Daun pada tanaman kubis bunga memiliki bentuk bulat seperti telur atau juga disebut oval dengan pada bagian tepi daunnya memiliki gerigi, daunya juga agak panjang dan memiliki celah – celah yang menyirip dan agak melengkung kebagian dalamnya. Kubis bunga memiliki daun yang berwarna hijau dan tumbuh pada batang secara bergantian atau selang seling. Tangkai pada daun kubis bunga sedikit panjang dan pada bagian pangkal daunnya sedikit menebal juga lunak. Daun – daun ini tumbuh pada bagian pucuk batang sebelum masa bunga tumbuh atau terbentuk, ukurannya kecil dan melengkung kedalam untuk melindungi bunga yang sedang dalam masa tumbuh atau bunga yang baru saja akan tumbuh.

Bunga

Massa bunga atau disebut juga dengan curd pada kubis bunga menjadi bagian yang dikonsumsi oleh manusia. Massa bunga ini berisi sekitar 5000 kuntum bunga bahkan bisa juga lebih dengan tangkai bunga yang pendek sehingga bunganya tampak membulat dengan tekstur lunak tebal. Massa bunga atau juga disebut dengan curd  ini memiliki warna putih agak kekuningan namun ada juga yang berwarna putih bersih. Massa bunga dari kubis bunga memiliki diamter yang dapat mencapai 20 cm dan mempunyai berat sekitar 0,5 kg – 1,3 kg, hal ini bergantung dari varietasnya. Massa bunga memiliki kandungan gizi yang sangat bervariasi sehingga baik untuk kesehatan dan baik dalam bidang farmasi.

Buah dan Biji

Biji – biji yang dihasilkan oleh kubis bunga adalah hasil dari buah yang mengalami penyerbukan. Penyerbukannya kubis bunga dapat dilakukan secara penyerbukan sendiri atau bisa juga dari penyerbukan silang dengan bantuan dari makhluk hidup lain seperti lebah madu. Buah yang dihasilkan kubis bunga berbentuk polong, ukurannya kecil dan juga ramping paling panjang sekitar 5 cm. Pada bagian dalam buah kubis bunga ad biji yang memiliki bentuk bulat kecil, berwarna coklat cenderung tampak kehitam – hitaman.

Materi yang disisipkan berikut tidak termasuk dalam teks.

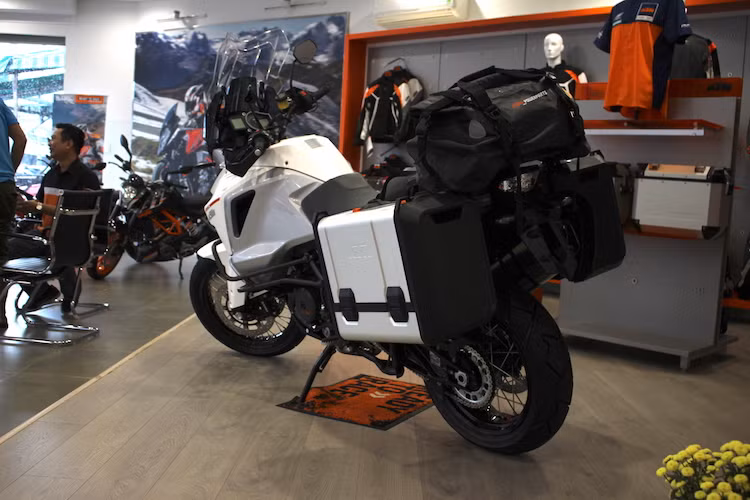 Tại Việt Nam, giá bán KTM 1290 Super Adventure hiện tại là 730 triệu đồng. Như vậy, 1290 Super Adventure hiện đang là mẫu xe adventure cỡ lớn được phân phối chính hãng tại Việt Nam với giá rẻ nhất, khi đối thủ BMW R1200GS Adventure có giá 806 triệu đồng và Ducati Multistrada Enduro bản nhập Ý có giá khoảng 1,2 tỷ đồng.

Biji – biji tadi dapat digunakan sebagai benih memperbanyak tanaman.

 

Lama waktu kubis bunga untuk dapat panen kembali lagi bergantung pada varietas tanaman yang dibudidayakan, kebanyakan tanaman kubis bunga bisa dipanen setelah melalui  55 – 60 hari sejak masa awal tanamnya atau sekitar 2 atau 3 hari setelah bunganya menutup. Pada saat masa panen kepala bunga harus sudah pada ukuran yang maksimal dan juga warna dari kepala bunga masih berwarna putih cerah. Pemanenan baik dilakukan pada pagi hari untuk mengahsilkan kepala bunga yang sangat segar karena masih memiliki sisa – sisa embun. Apabila panen dilakukan pada sore hari akan didapatkan kepala bunga yang kering karena terkena sinar matahari pada siang harinya. Cara panen, kepala bunga dipotong dengan bersama daunnya, terlebih daun penutup bunganya. Setelah panen kubis bunga dilakukan, kepala bunganya langsung dipindahkan ke tempat yang tidak terkena paparan cahaya matahari secara langsung, apabila kepala bunga dari kubis bunga terkena paparan matahari setelah dipanen akan mengakibatkan perubahan warna pada kepala bunga, dimana kepala bunga nantinya dapat berubah warna  menjadi kuning pucat bahkan bisa juga menjadi coklat kehitaman kalau terlalu lama terkena paparan cahaya matahari. Setelah masa panen selesai, kubis bunga harus segera dijual atau didistribusikan ke pasar. Selain kubis bunga langsung dijual atau didistribukan, kubis bunga juga dapat disimpan terlebih dahulu, saat penyimpanan sebaiknya kubis bunga disimpan dalam ruangan pendingin bersuhu 0° C. didalam ruang pendingin kesegaran dari kubis bungan dapat dipertahankan kurang lebih selama 30 hari. Sedangkan, runag pendingin dengan suhu kurang dari 5° C hanya bisa mempertahankan kesegaran kubis bunga kurang lebih selama 12 hari.

 

Refrensi

 

Fitriani, M. L. (2009). BUDIDAYA TANAMAN KUBIS BUNGA (Brassica oleraceae var botrytis L.) DI KEBUN BENIH HORTIKULTURA (KBH) TAWANGMANGU. Tugas akhir Fakultas Pertanian Universitas Sebelas Maret.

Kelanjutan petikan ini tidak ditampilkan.